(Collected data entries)
▽
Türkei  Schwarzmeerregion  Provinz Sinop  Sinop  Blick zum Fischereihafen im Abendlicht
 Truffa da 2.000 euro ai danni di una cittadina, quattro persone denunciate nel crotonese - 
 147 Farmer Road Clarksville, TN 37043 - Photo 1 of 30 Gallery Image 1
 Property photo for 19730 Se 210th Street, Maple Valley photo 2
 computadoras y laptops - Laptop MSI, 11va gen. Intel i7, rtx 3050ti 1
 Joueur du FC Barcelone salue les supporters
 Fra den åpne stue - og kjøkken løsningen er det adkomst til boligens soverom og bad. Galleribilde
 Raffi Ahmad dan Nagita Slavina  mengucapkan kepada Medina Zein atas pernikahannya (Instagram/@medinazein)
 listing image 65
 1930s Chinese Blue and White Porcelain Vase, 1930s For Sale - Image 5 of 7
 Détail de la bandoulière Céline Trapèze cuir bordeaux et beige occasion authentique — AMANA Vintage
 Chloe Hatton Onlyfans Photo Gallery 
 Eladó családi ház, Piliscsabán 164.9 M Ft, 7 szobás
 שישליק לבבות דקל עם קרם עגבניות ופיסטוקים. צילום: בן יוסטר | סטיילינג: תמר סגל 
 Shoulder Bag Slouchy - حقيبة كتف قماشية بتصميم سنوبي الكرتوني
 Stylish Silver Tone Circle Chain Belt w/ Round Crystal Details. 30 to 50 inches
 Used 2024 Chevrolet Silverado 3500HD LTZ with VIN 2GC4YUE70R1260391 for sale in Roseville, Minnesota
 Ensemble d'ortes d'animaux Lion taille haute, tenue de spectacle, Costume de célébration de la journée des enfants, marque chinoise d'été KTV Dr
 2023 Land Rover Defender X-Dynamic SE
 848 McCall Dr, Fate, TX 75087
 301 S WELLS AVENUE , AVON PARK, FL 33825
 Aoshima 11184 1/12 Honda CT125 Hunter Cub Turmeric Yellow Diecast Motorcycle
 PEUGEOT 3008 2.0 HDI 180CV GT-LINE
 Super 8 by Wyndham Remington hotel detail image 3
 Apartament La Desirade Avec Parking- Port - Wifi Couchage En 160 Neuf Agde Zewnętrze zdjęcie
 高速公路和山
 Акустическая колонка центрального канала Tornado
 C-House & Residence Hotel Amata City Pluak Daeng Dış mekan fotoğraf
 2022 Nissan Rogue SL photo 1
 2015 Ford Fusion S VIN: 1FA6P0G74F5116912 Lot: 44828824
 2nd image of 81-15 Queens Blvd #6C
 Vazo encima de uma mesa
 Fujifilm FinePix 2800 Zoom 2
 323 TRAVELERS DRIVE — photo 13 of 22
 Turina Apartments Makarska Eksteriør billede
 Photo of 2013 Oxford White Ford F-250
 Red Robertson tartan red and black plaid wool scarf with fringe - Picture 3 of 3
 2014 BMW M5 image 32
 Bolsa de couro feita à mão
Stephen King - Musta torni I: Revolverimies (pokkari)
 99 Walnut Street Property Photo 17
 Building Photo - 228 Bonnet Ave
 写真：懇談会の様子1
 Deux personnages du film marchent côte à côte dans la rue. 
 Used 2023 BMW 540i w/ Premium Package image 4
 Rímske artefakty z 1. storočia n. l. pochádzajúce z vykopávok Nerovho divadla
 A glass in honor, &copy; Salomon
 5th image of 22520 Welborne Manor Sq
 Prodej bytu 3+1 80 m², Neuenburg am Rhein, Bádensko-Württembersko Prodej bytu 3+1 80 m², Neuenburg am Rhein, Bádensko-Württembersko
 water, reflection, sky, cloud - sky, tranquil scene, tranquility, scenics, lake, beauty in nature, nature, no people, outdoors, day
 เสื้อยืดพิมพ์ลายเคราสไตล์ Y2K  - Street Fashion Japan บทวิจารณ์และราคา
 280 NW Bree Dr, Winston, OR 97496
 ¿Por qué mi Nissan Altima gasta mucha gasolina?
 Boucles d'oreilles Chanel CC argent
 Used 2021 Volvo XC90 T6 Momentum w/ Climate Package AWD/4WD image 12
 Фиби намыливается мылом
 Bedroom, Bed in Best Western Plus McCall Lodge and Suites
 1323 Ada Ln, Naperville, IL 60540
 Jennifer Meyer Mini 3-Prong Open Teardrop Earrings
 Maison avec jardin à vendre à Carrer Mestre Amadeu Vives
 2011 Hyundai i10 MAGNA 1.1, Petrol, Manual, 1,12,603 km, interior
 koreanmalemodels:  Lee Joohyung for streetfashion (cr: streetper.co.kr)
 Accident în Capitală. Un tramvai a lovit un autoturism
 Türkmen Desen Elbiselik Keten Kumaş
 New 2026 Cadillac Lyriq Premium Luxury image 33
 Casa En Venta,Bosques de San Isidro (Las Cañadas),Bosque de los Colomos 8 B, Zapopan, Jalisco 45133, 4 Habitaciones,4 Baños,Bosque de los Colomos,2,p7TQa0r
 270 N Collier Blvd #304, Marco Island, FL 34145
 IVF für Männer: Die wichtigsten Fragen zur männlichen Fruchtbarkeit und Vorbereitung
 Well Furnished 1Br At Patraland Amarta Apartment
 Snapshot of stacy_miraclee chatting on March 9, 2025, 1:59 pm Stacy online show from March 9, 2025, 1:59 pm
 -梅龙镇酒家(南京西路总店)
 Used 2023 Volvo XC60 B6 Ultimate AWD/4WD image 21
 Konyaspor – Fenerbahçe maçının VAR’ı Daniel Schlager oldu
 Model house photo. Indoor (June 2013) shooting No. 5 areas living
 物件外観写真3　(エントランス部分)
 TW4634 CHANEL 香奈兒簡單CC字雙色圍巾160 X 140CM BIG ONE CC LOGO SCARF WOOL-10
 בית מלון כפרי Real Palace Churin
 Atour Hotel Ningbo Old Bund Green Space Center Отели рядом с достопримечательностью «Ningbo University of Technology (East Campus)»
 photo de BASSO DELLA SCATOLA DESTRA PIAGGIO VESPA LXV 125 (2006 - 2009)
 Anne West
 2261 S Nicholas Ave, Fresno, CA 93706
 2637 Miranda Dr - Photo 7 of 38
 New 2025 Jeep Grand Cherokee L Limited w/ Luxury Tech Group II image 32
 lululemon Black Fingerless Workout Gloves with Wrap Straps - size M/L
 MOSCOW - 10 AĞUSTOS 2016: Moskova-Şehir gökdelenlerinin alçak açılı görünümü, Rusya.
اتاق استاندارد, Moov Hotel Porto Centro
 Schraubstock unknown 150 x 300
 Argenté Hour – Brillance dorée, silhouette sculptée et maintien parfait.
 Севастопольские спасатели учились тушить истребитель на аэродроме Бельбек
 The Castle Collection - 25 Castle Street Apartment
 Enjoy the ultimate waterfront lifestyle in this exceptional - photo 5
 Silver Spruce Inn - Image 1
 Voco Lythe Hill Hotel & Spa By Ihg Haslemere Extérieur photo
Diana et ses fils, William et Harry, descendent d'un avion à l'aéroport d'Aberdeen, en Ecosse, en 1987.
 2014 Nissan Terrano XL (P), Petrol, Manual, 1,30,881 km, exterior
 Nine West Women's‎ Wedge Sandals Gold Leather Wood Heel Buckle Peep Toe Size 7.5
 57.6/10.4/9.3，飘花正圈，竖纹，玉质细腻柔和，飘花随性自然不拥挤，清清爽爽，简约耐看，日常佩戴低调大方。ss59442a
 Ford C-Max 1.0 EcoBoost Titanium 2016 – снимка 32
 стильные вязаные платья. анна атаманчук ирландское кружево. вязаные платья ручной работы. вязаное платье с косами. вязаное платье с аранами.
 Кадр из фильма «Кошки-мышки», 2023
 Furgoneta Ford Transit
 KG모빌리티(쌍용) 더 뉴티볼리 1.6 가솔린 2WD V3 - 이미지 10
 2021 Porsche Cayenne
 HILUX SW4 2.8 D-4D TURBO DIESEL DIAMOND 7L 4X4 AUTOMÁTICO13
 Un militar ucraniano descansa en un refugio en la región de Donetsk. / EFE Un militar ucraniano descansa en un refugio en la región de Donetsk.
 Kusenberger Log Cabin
△
▸ EXERCISE GOAL
Set down exactly what runs from the line with "2021 Porsche Cayenne" to the last line of the data above, including both of those lines and no others.

▸ OUTPUT OF THE EXERCISE
 2021 Porsche Cayenne
 HILUX SW4 2.8 D-4D TURBO DIESEL DIAMOND 7L 4X4 AUTOMÁTICO13
 Un militar ucraniano descansa en un refugio en la región de Donetsk. / EFE Un militar ucraniano descansa en un refugio en la región de Donetsk.
 Kusenberger Log Cabin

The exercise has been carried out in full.